He was commentating for Star Sports Select Dugout in an Indian Premier League (IPL) match the previous night. The next morning, he was seen getting prepared to rock the commentary box yet again. But someone above had other ideas.
The news left everyone in shock. Most of them were asking if it was for real. Dean Jones, the forever cheerful and energetic man, is no more. Within 16 hours of signing off from the Star Sports Select Dugout, he died of a massive heart attack in Mumbai.
Deano, as he is popularly known, was an extremely well-known figure in the cricket world. He has commentated in numerous international games and in several franchise leagues all over the world and is famous for his forthright views.
Jones was a title-winning coach as well, being the first coach to lift the Pakistan Super League (PSL) title.

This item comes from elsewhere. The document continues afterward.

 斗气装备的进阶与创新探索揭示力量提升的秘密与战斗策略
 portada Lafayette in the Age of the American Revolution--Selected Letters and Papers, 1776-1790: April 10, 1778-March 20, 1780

But few of this generation know that Dean Jones was almost inarguably the greatest ODI batsman of his time. Through the late 1980s and early 1990s, he was actually the best ODI batsman according to the retrospective ICC player rankings. He was always said to be way ahead of his time when it came to batsmanship in ODI cricket. Not many batsman, at that time, were willing to skip down the track and take on fast bowlers. His strike rate of 72 in ODI cricket was superior to most of his contemporaries.
Not only that, he was a terrific runner between the wickets, always threatening the fielders to convert the ones into twos and twos into threes. Jones was an outstanding fielder as well and easily one of the pillars of Australian cricket during the rebuilding period in the eighties especially in white-ball cricket.
However, despite being an white-ball legend, probably the most memorable innings he played was in Test cricket.
The first Test of Australia's 1986 tour of India was significant for quite a few reasons. Australia skipper Allan Border had Jones in the team ahead of some promising young players. Jones, playing his first Test in more than two years, was under the pump. He was not on the back of good scores as well.
The sun was blazing down with intense ferocity in Madras. Jones was not really able to cope with the scorching heat and began to feel nausea. At the other end was his captain Allan Border, the captain grumpy. The hard-nosed Border told Jones, "If you cannot handle the situation, let's get in a real Australian. Get in a Queenslander."
Hailing from Victoria, Jones took it as a challenge and did not go off. He fought and fought tooth and nail, for a staggering 8 hours and 22 minutes. His epic knock of 210 in that match which ended up in a tie will be forever remembered for the aesthetics, entertainment and brutality.
Jones, in that innings, scored his second hundred off just 66 deliveries because he just couldn't run. Dehydration took hold of him and he started to only slog.
By the 170s, he started to lose control of his bodily functions and urinate involuntarily in his pants. Jones, though in trouble, showed the real Australian in him and carried on. He carried on until he got out for 210. Jones later said that he did not remember anything about the latter part of the innings and found him in a hospital at one o'clock in the morning on a saline drip.
Though the heat of Madras took toll on his health, he batted in the next innings and did not miss any of the Tests in that series, suggesting the fitness and willpower he possessed.
Dean Jones was noted humanitarian as well. He was a fundraiser for people with cancer. He along with his wife once set off for a 1,115 km charity walk to raise funds for the Bone Marrow Donor Institute. He was made a member of Order of Australia (AM) for his service to cricket and society.
Dean Jones, the 'tough bugger' from Victoria and ever joyful person, will be remembered. Rest in peace, Deano.